Green Space: Raising the Green Roof

March 26, 2008
Written by Michelle Brisebois
Green roof trend is looking up
Garden centres are no doubt used to working with landscape architects and designers and maybe even contractors but it appears as though there’s another strategic alliance wemerging – this time with roofers. Green roofs are shaping up to be a long-term trend and one that promises to be huge for the gardening industry. Crazes and fads are short-lived events. Think pet rocks and mood rings. Trends are longer-term shifts in consumer behaviour and you can pretty much identify a trend with staying power when it’s propelled by several different factors. Green roofs are being driven by three strong forces; primarily the environment, with the economy and buying local running a close second and third. All of these factors have intertwined to create the perfect situation for green roofs to gain momentum. They’re cost effective, good for the environment and good for us.
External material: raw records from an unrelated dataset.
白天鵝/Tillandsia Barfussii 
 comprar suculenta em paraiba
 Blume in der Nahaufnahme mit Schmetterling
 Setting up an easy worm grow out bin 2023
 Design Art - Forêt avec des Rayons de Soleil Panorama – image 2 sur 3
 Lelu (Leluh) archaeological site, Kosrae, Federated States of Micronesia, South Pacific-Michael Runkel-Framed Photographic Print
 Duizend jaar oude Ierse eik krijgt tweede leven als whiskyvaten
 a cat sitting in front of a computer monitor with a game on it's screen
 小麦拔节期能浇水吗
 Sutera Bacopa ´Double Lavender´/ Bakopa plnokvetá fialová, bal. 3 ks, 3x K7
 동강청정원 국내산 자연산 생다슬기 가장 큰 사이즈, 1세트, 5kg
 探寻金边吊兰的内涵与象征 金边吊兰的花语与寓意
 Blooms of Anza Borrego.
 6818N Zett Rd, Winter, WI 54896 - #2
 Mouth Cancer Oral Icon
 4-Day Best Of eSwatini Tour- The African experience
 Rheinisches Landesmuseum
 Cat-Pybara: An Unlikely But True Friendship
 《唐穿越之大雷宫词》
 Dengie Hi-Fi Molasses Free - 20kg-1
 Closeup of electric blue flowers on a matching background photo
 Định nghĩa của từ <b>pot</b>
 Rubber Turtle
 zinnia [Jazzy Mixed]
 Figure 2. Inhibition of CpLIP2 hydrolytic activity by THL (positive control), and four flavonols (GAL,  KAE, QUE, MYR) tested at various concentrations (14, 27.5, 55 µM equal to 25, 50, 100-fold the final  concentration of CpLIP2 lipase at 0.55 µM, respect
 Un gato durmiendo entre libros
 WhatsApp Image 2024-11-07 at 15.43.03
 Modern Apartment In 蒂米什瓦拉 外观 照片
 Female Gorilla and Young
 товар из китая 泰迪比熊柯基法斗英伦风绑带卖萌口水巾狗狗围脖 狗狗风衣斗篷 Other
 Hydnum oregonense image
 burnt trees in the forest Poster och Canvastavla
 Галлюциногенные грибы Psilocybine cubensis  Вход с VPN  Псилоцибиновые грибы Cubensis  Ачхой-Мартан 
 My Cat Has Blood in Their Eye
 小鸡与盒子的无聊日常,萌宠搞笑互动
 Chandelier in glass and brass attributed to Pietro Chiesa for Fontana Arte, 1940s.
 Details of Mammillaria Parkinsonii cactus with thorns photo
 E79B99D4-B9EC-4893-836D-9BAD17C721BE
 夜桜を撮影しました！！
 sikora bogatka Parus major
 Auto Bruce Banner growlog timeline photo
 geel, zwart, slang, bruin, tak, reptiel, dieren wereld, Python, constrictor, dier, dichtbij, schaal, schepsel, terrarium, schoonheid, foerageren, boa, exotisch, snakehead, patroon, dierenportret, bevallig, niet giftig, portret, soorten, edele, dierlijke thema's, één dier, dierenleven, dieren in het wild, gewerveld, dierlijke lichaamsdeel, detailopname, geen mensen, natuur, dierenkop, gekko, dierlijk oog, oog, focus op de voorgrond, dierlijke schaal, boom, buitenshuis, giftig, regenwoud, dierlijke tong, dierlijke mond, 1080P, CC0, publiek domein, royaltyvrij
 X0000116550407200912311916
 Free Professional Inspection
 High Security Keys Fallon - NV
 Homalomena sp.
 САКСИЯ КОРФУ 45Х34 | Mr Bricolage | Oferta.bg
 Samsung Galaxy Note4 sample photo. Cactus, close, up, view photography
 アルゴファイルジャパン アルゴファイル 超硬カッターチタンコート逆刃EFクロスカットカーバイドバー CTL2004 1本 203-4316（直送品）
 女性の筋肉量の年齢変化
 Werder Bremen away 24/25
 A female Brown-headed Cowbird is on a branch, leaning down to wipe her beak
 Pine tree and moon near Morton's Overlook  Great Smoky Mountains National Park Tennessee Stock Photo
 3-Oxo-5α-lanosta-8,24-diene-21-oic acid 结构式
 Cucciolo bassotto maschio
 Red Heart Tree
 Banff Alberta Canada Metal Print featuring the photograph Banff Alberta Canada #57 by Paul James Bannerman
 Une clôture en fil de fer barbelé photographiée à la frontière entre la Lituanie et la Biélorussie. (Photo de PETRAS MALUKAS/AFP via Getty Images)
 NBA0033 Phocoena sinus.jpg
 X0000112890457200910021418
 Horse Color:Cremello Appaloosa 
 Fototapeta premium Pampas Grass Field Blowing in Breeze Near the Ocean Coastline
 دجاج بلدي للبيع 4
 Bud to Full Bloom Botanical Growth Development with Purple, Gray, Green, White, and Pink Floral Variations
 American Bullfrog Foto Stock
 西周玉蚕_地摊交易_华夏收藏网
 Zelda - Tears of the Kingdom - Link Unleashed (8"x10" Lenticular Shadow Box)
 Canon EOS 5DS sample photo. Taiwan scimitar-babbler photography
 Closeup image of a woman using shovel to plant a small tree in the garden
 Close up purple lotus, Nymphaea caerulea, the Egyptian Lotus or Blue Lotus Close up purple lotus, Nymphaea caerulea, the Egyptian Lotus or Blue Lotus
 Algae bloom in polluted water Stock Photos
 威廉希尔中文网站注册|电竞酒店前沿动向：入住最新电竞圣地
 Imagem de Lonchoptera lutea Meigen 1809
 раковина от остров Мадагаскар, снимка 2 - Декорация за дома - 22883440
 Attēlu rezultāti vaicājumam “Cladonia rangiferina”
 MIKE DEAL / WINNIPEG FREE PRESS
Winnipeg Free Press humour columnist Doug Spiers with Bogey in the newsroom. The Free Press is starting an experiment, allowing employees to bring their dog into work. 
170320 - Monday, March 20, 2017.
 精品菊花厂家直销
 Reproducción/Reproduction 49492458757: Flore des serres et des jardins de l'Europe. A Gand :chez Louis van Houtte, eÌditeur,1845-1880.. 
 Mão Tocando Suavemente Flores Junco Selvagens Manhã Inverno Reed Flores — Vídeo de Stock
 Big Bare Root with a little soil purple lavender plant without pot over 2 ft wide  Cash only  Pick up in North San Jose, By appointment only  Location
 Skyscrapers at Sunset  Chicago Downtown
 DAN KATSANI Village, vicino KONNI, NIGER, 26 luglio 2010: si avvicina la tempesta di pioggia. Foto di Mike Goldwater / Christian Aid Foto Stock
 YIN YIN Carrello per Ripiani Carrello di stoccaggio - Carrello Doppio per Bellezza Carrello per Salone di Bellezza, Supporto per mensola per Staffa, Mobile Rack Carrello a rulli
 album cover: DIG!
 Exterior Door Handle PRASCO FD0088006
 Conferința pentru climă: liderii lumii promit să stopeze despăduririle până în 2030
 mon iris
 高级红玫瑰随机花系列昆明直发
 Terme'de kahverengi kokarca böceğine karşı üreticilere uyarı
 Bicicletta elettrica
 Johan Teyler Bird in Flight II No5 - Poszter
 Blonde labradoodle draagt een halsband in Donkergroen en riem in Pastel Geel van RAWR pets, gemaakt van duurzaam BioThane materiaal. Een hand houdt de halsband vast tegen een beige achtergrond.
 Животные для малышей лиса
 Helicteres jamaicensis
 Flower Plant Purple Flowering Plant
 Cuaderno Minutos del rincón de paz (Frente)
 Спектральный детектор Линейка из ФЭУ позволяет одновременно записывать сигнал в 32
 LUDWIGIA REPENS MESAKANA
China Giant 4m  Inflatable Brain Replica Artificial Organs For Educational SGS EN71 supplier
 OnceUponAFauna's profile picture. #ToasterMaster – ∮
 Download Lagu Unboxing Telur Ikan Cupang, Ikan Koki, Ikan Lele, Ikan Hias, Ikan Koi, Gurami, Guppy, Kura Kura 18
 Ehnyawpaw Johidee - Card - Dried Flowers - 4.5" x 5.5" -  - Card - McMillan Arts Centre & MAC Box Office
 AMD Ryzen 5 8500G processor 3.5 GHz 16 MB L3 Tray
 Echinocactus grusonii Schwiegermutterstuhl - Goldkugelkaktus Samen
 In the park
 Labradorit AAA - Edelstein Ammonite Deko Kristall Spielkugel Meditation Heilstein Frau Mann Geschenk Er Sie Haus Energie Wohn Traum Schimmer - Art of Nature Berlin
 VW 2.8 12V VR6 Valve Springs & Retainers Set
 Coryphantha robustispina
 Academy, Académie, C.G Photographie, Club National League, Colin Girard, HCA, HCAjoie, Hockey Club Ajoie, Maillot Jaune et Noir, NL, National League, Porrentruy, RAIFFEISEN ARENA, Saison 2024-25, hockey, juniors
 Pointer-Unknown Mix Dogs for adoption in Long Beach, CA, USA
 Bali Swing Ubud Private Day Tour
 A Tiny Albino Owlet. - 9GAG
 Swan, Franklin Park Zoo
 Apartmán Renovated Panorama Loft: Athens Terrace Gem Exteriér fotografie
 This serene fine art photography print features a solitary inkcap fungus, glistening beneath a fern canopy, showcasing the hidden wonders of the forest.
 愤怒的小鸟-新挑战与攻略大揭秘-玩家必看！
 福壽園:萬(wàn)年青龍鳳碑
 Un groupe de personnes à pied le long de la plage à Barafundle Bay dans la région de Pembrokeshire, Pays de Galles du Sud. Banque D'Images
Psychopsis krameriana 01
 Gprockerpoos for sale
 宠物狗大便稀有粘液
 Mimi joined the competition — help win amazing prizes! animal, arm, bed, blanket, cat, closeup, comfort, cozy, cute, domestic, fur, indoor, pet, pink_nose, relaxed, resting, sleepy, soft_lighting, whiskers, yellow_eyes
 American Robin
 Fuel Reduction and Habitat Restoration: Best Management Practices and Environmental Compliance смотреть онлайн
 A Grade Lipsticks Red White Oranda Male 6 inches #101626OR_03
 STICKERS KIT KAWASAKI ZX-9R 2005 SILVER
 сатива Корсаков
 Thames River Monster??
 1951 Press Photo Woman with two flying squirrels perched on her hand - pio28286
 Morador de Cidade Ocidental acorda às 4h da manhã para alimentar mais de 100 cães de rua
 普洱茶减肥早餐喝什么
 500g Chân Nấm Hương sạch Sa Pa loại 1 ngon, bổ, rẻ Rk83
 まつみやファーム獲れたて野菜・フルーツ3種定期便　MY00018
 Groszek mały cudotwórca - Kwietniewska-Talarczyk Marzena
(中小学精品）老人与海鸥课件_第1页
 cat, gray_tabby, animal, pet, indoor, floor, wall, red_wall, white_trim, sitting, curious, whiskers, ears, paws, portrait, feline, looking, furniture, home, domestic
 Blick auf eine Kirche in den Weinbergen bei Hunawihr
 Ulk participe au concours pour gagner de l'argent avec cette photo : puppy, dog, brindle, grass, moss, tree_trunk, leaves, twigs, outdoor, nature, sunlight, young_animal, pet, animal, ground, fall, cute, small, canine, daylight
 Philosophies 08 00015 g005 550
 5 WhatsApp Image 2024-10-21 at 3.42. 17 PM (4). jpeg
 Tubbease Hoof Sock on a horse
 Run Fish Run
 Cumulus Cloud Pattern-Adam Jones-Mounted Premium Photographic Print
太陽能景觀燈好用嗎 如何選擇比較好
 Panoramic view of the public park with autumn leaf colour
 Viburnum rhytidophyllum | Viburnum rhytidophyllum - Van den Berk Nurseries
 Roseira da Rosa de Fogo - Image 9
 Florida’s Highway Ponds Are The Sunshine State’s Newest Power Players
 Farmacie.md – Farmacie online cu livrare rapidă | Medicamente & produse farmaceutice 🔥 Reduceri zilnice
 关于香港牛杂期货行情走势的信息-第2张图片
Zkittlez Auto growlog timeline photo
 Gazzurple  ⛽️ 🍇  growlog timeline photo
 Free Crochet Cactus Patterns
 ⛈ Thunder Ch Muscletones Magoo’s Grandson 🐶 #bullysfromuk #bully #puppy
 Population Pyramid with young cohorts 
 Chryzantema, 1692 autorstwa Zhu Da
This is one trend that is definitely over our heads.

Green roofs have been with us since Nebuchadnezzar II built the Hanging Gardens of Babylon around 600 BC. Legend has it he built them as a gift to his wife, who missed the trees and fragrant plants of her homeland. Green roofs are not the same thing as roof gardens. A few containers of marigolds on a roof might be called a garden with it primarily functioning as visual interest. Green roofs are densely planted areas of low-maintenance grasses, mosses or succulents. Green roofs are primarily used to insulate the building, slow water runoff and generate healthy air.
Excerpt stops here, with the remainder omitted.